Give the records again exactly, but drop the pictures.
==== Dataset extract ====
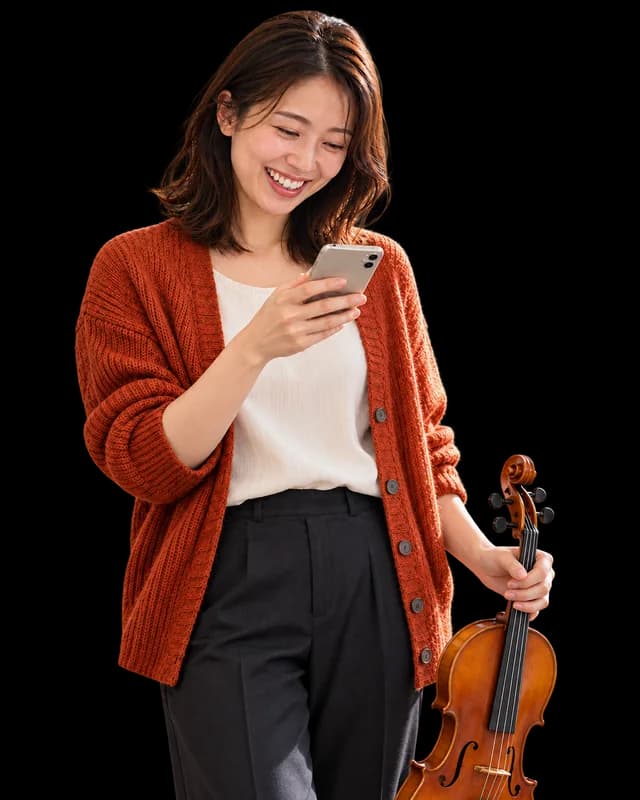 スマートフォンに届いた楽団からのスカウトを見て喜ぶ同じ架空の女性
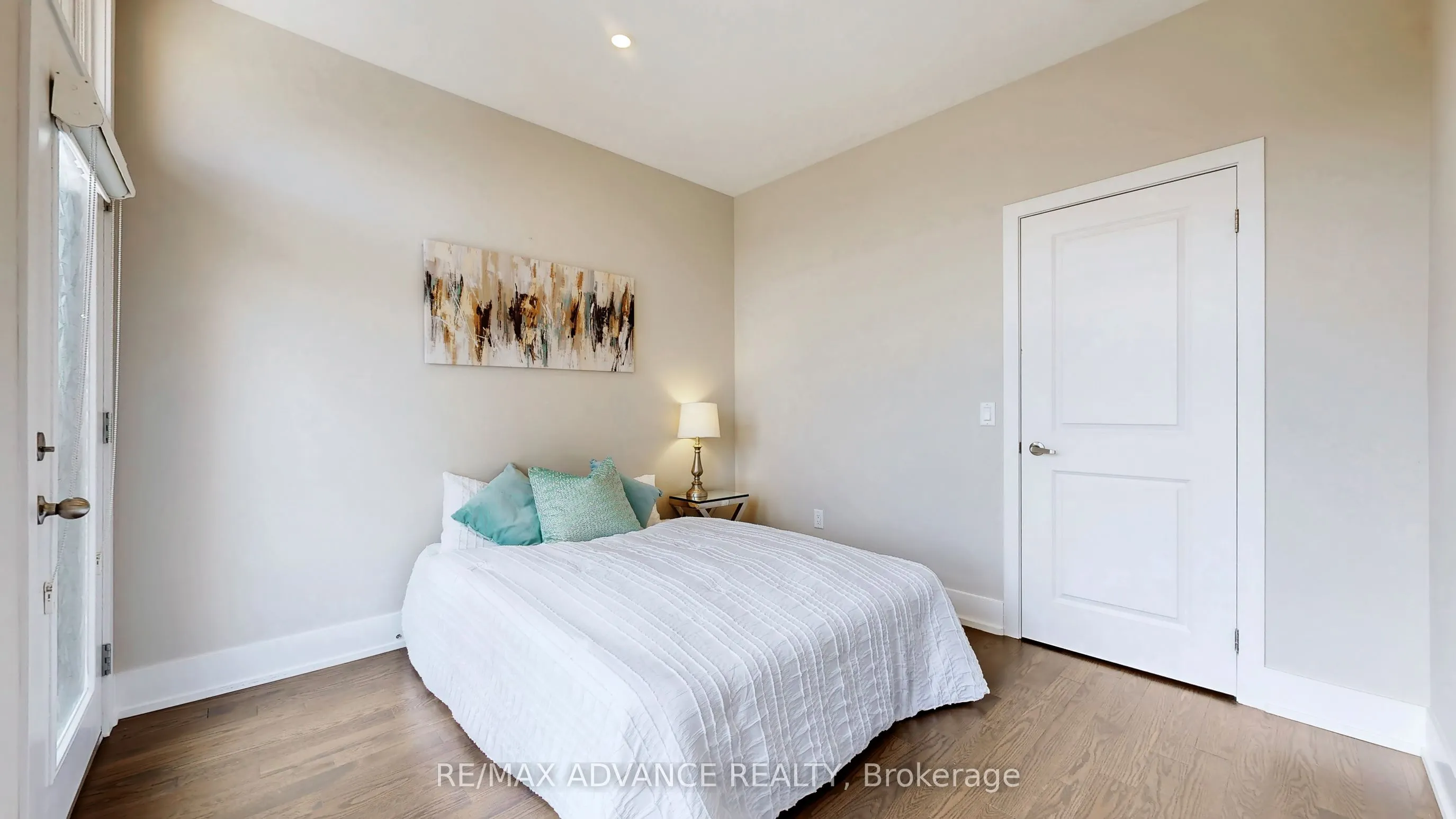 32 Crestridge Drive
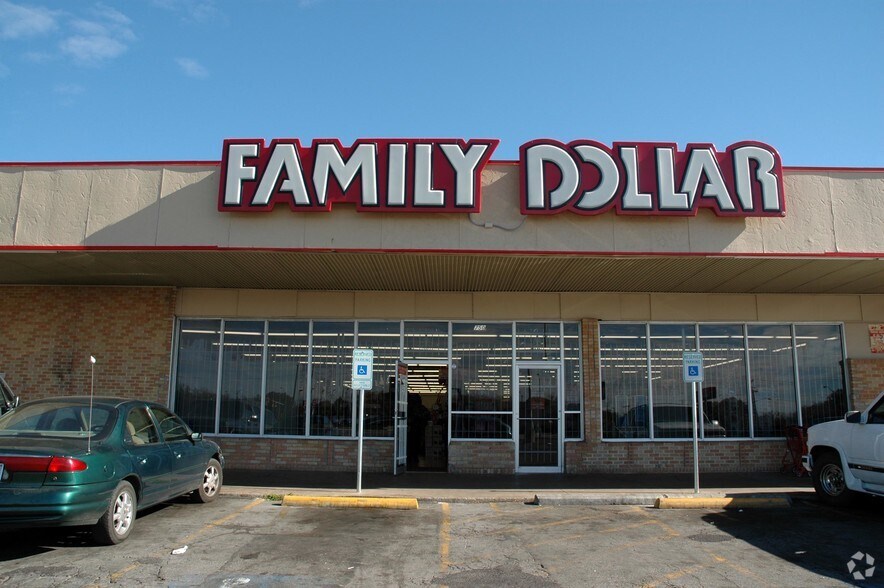 More Photos Of 3200 S Lancaster Rd, Dallas General Retail For Lease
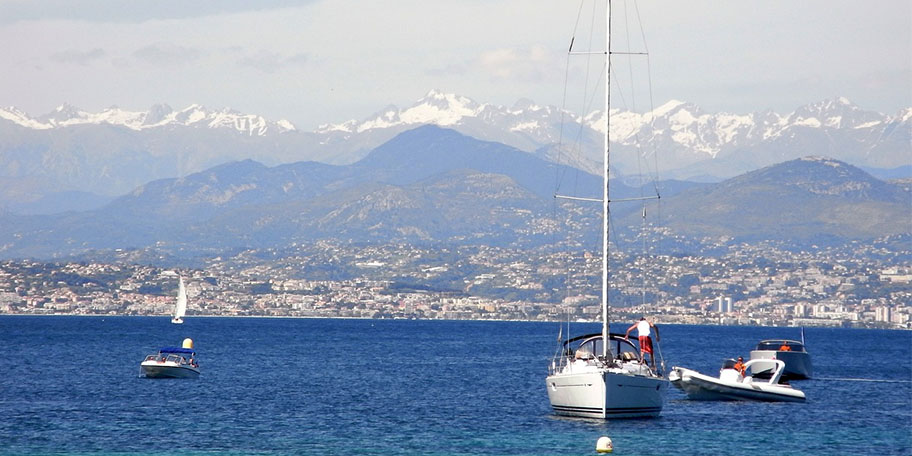 Vue montagne Antibes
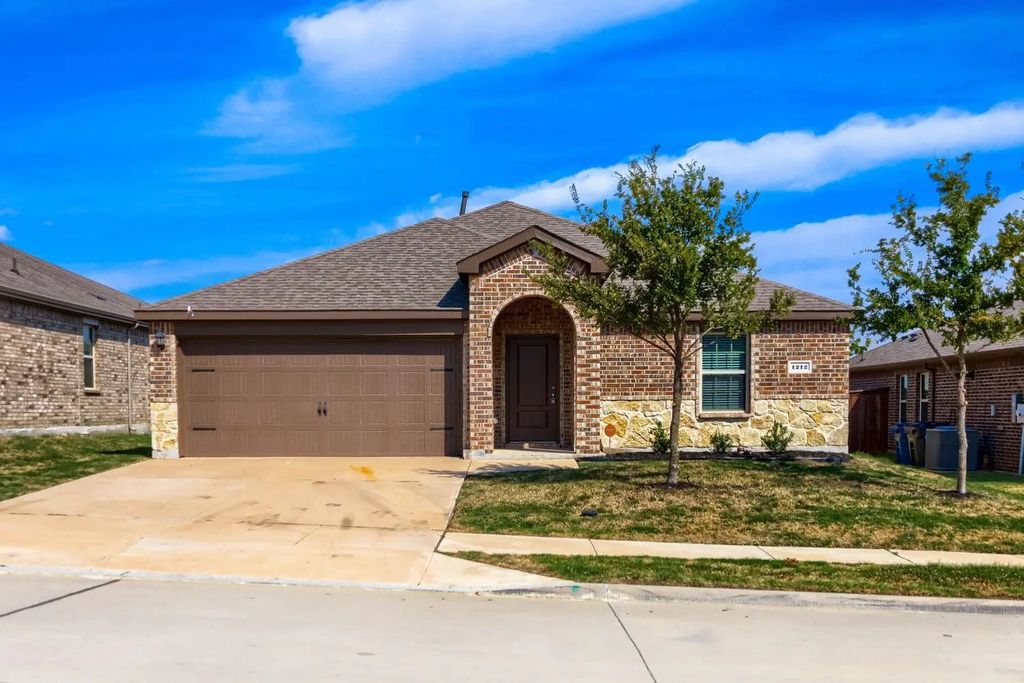 1212 Rountree Court, Celina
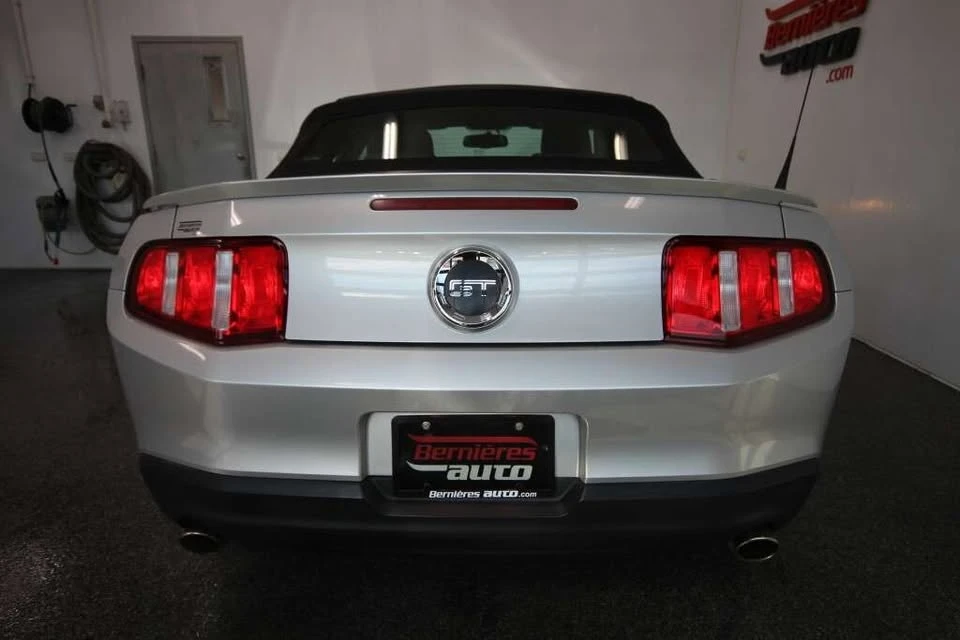 2010 Ford S197 Mustang - Image 12 of 15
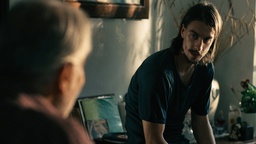 Jure Henigman v filmu Nahrani me z besedami (2012).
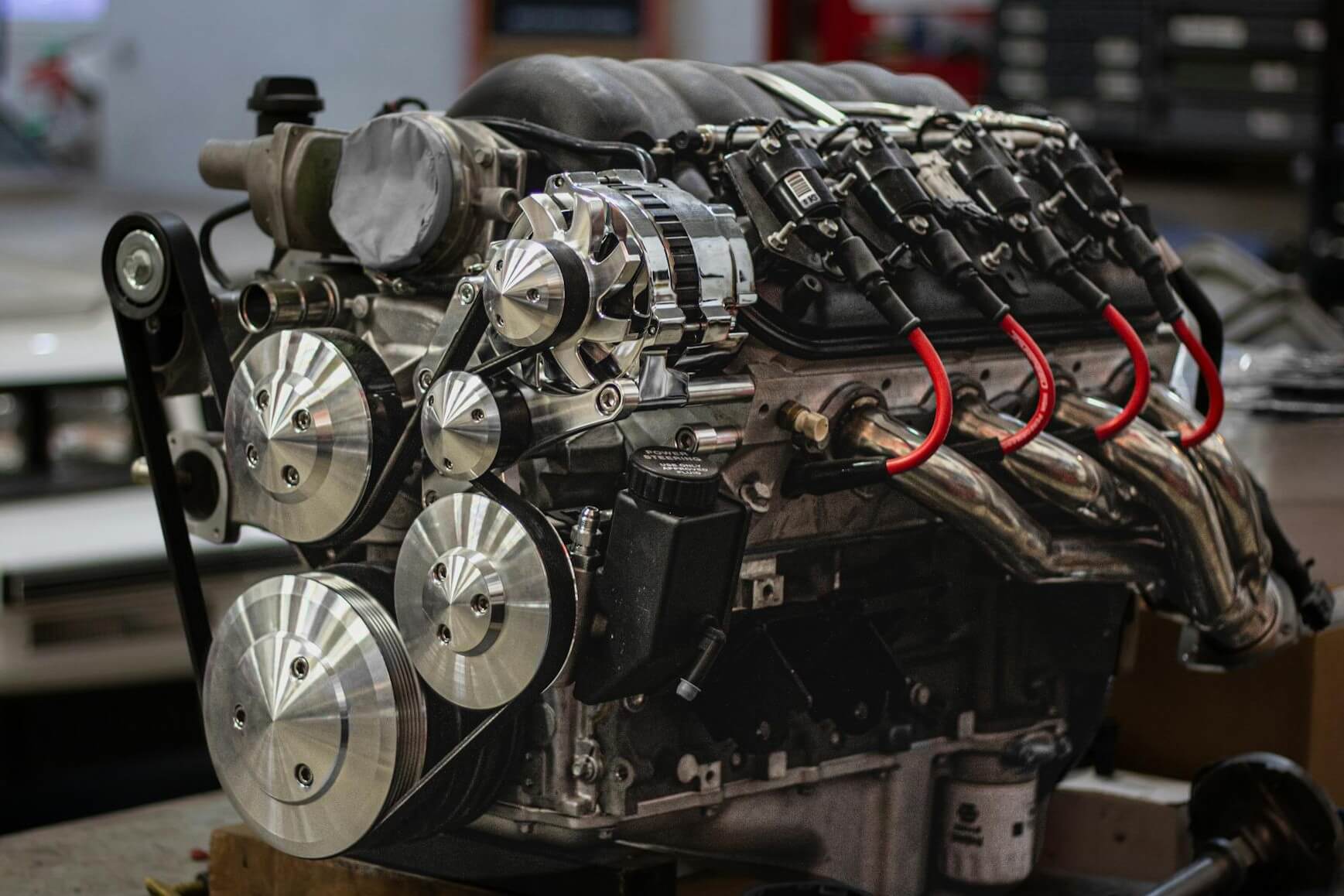 4 دلیل که چرا تنظیم موتور در خودروهای آلمانی مرسدس بنز، BMW و پورشه ضروری است؟ 1 engine tuning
====
• **Response box**:
 スマートフォンに届いた楽団からのスカウトを見て喜ぶ同じ架空の女性
 32 Crestridge Drive
 More Photos Of 3200 S Lancaster Rd, Dallas General Retail For Lease
 Vue montagne Antibes
 1212 Rountree Court, Celina
 2010 Ford S197 Mustang - Image 12 of 15
 Jure Henigman v filmu Nahrani me z besedami (2012).
 4 دلیل که چرا تنظیم موتور در خودروهای آلمانی مرسدس بنز، BMW و پورشه ضروری است؟ 1 engine tuning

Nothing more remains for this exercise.